Yesterday, an audit detailed that the Department of Unemployment Assistance had $284 million in delinquent accounts of businesses required to pay unemployment insurance. Of that, the department had taken no major steps to collect on $170 million.
“That is a mind-boggling number,” Sullivan said. “That’s astronomically large in the scale of state government.
“No business would do this, no person, no household would do this. It demonstrates a lack of loyalty to fellow citizens to let that money go down the drain,” he added.
On Thursday, State Auditor Suzanne M. Bump showed the Department of Conservation and Recreation, as of June 30, 2017, failed to collect some $600,000 in user fees on leases for cell towers and other telecommunications equipment, concession stands, skating rinks, cottages, and boat and yacht clubs.
DCR confirmed that two yacht clubs still owe a combined $13,000: The Neponset Valley Yacht Club owes $8,000 and the Wollaston Yacht Club owes $5,000. The department estimates that once credits and fee corrections are accounted for, the unpaid amount will be closer to $80,000.
Gov.
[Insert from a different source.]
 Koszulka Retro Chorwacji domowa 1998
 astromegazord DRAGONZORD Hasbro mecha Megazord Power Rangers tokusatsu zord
Charlie Baker defended his offices’ work saying at DCR and DUA the “long-standing” issues were being “whittled down.”
Baker said, regarding the DCR sums, there has been “progress on that issue over the last few years, but it’s a long-standing problem and we have a long way to go.”
Systems at the unemployment offices were replaced from 2009 to 2013, Baker said, but the new ones “have never really worked the way they were supposed to.”
He said the issue has been “driven by technology implementation, and it’s much less a problem now than it used to be as we continue to whittle it away,” Baker said.
Sullivan said the problems at DCR stretch back to his time in office a decade ago.
“The state administrators at DCR are not collecting money that belongs to the taxpayers,” Sullivan said. “It’s a failure to perform, and I hope the governor’s office will step in.”